Every culture has its unique dating customs, and Korea is definitely no exception. In Korea, dating is all about showing your affection for each other – couple menus, shirts, and sneakers are everywhere, and every month has at least one special, albeit incredibly commercial, day for couples to celebrate. There’s just so much to do and experience if you’re a couple, or at least going on dates, and that’s why everyone is always looking for someone! Naturally, each and every relationship is special and unique, and there’s no guidebook to mastering the “Korean dating style.” But, if you ever find yourself getting ready for a date in Korea, nervous and clueless about what to expect, our list should give you an idea of how dating here works.
1. It’s common for your friend to set you up with someone
When in need of a date, look no further than your Korean friends. It is all about connections, and people commonly set their single friends up with each other. You’re technically going on a blind date, but at least you know (s)he’s not a creep (always a plus) and you should have something in common. In Korea, people rarely meet anyone outside their personal school or work circle unless they’re introduced by a mutual friend. Approaching people on the streets is not as common as in the West, for example, but young adults are generally more open to strangers than their parents’ generation, especially if they have had a drink or two.
2. There are two options: one for everyone, one for couples
Couple rings, shirts, sneakers, pillows, caps, underwear… You name it, Korea probably has it, and people make them look stylish, not tacky. Couples pretty much live in a fascinating parallel world of coupleness, and everyone wants to experience what it’s like to be in it. Most restaurants and cafés have menus designed specifically for couples, major attractions have romantic date packages for two, and movie theaters even offer private couches for an intimate date. For those that are not used to such couple-centric culture, this might all sound puke-inducingly sweet, but once you try everything out yourself, you realize that the couple activities are actually fun and meaningful.
3. Be prepared, and willing, to pay
It can be pretty awkward to decide who’s going to get the bill, especially if it’s your first date. While the status quo used to be that men pay for the first couple of dates (or even all of them), that is quickly changing, and women are no longer afraid to swipe their cards at the cashier. Korean couples rarely split the bill, and it’s usually the guy who gets the movie tickets, and the girl who pays for dinner afterwards. In the end, you end up paying around 50-50 or 60-40, which is what most people feel comfortable with. Some couples use money from their joint bank account for dating costs (like Hong Jong Hyun and Yura on “We Got Married”), which just makes everything a tad bit more fair and convenient.

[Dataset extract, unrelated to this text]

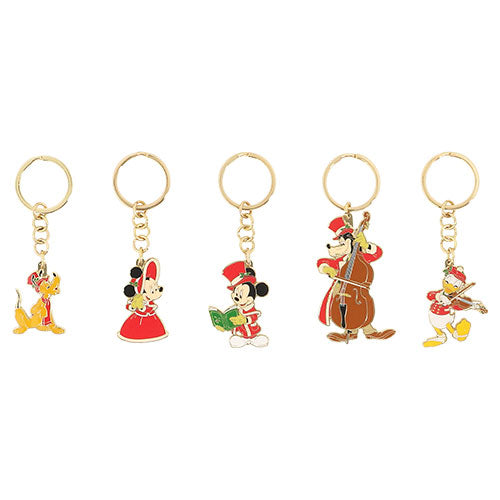 Pre-Order Tokyo Disney Resort 2023 Pair Key Chain Set Mickey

4. Keep your phone with you at all times
Forget everything you ever learned about the ‘three day rule.’ Koreans love their smartphones with instant messaging apps and adorable emoticons, and couples will spend hours glued to their phones, chatting with their other half. Don’t be surprised if you get a text from your crush every two hours, asking what you’re doing, eating, or thinking. And remember to text back instantly, or (s)he might understand your silence as a rejection. If you like someone, don’t be afraid to send a message even if you have nothing special to say – it’s just to show that you care.
5. Anniversaries and holidays are a really big deal
Another distinctive characteristic of dating in Korea is the celebration of anniversaries, which take place every hundred days, and not just on an yearly basis. You might have seen K-pop groups and “We Got Married” couples bring out decorative cakes and gifts whenever it’s their 100th, 200th, or 1000th day together, and this is an accurate depiction of what happens in real life as well. Additionally, couples have a unique romantic holiday to celebrate on the 14th of every month. You have the traditional Valentine’s Day and White Day, but also ones like Rose Day, Wine Day, and Kiss Day. Commercial? Undoubtedly, but if you love planning romantic dinners and wrapping gifts in the cutest way possible, then you’re going to enjoy dating in Korea.
6. Hold back on the PDA
Overall, Koreans are not afraid to get touchy with close friends or family, but when it comes to public intimacy between couples, you might want to hide from judging grandmas. It’s totally acceptable to hold hands, hug, and give a gentle kiss on the lips, but try to have your passionate makeout sessions in private. While contemporary Koreans are not exactly conservative, there are still unwritten rules regarding acceptable public display of affection, and anything beyond cute pecks tends to cross the invisible line, especially in bright daylight.
7. There can be a difference between someone you date and someone you marry
It’s not uncommon for Koreans to have two “ideal types”: one you’d like to date, and one you’d like to marry. You might date a pretty girl with a wonderful personality, but if she can’t cook for her life or comes from a financially unstable family, marriage might be ruled out. Similarly, many Koreans are open to dating foreigners, but tend to be much more hesitant about interracial marriage. Naturally, there are numerous couples who unexpectedly fall in love and end up tying the knot, so don’t automatically rule out marriage with your Korean partner. Just remember that traditionally, Koreans see marriage as a union between families – not just two individuals – which means that marriage will eventually require the approval of the Korean family, and not everyone considers this when they jump into a relationship.